_Assignment_. When you return the material, keep every line exactly as it is and omit the pictures.

_Data below_.
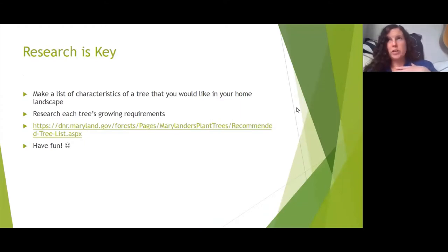Research is really key when picking a tree for your home landscape. Make a list of what you want: pretty flowers, shade, yellow or red fall foliage, berries, no berries, evergreen, or deciduous. If there are trees you already love — like cherry blossoms — look up their growing requirements and see if they'll match your landscape. The Maryland Department of Natural Resources has a really good tree recommendation list on their website. And most of all, have fun shopping for trees!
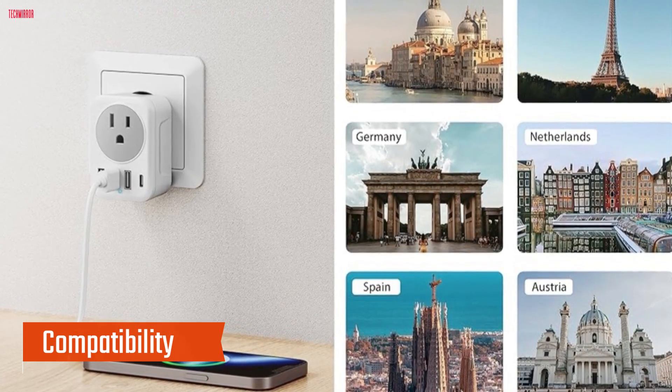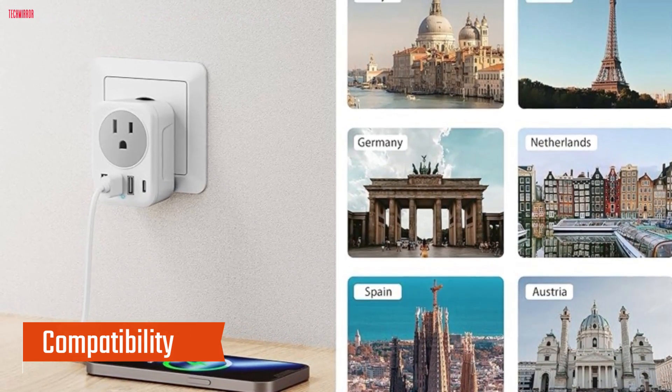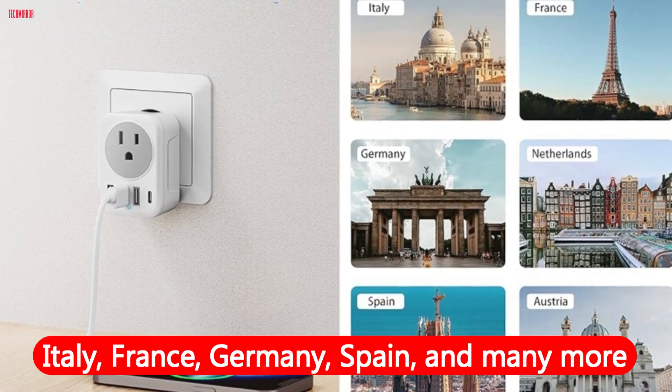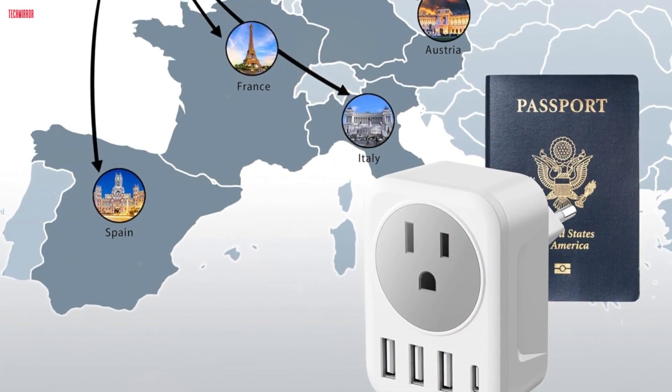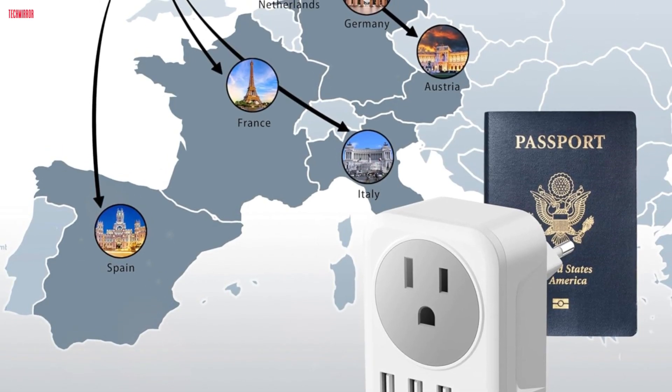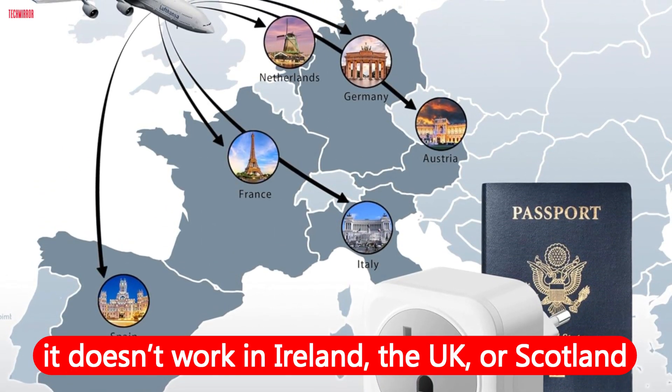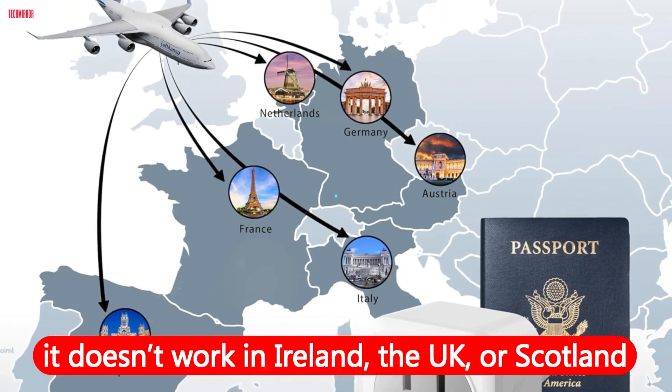Compatibility: First and foremost, this adapter is compatible with a wide range of European countries, including Italy, France, Germany, Spain, and many more. It's a relief to have a single adapter that covers most of the countries I visit, although it's worth noting that it doesn't work in Ireland, the UK, or Scotland.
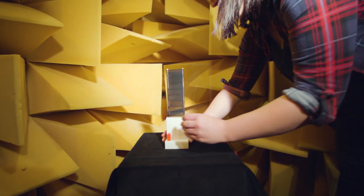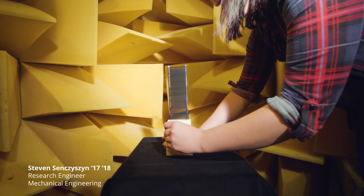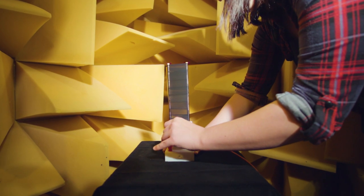A noisy heating and cooling system is distracting, lowers productivity, and can even be physically harmful. To engineer an active noise control device, we created more sound.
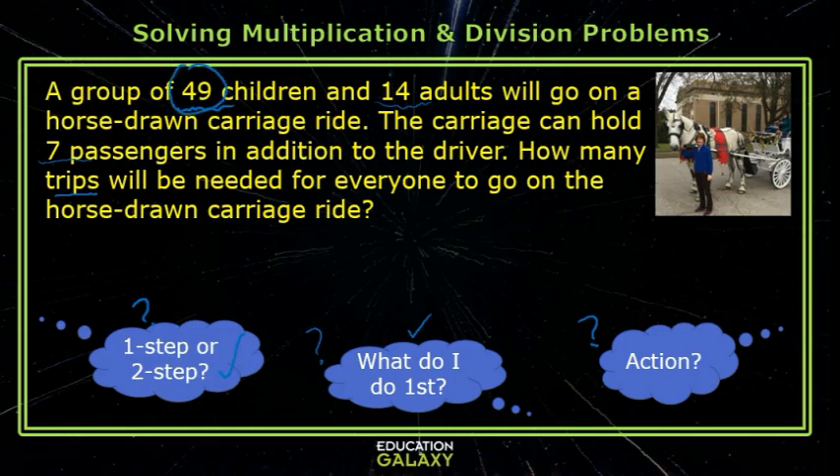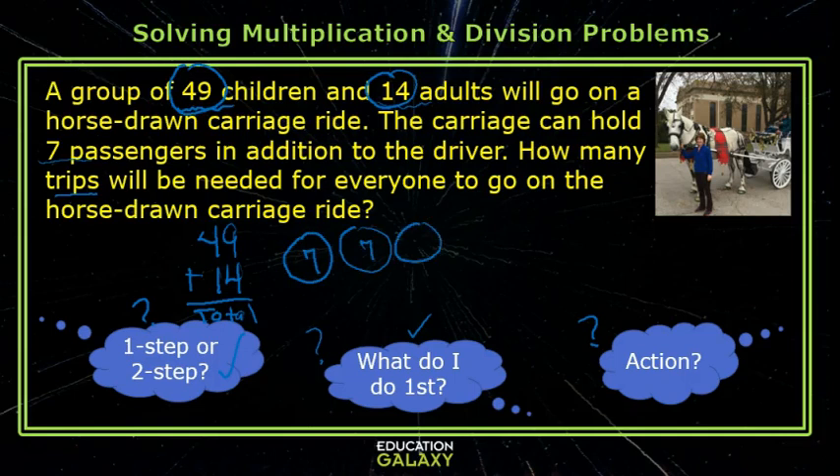To get the total we need to add the children and the adults. Once you have the total number, just imagine one carriage ride with seven people, another with seven people, another with seven people, and so on until we run out of people. This is a division action, so you take the total and divide by seven because seven people can go on a ride at a time.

_Solution for this problem_.
Research is really key when picking a tree for your home landscape. Make a list of what you want: pretty flowers, shade, yellow or red fall foliage, berries, no berries, evergreen, or deciduous. If there are trees you already love — like cherry blossoms — look up their growing requirements and see if they'll match your landscape. The Maryland Department of Natural Resources has a really good tree recommendation list on their website. And most of all, have fun shopping for trees!
Compatibility: First and foremost, this adapter is compatible with a wide range of European countries, including Italy, France, Germany, Spain, and many more. It's a relief to have a single adapter that covers most of the countries I visit, although it's worth noting that it doesn't work in Ireland, the UK, or Scotland.
A noisy heating and cooling system is distracting, lowers productivity, and can even be physically harmful. To engineer an active noise control device, we created more sound.
To get the total we need to add the children and the adults. Once you have the total number, just imagine one carriage ride with seven people, another with seven people, another with seven people, and so on until we run out of people. This is a division action, so you take the total and divide by seven because seven people can go on a ride at a time.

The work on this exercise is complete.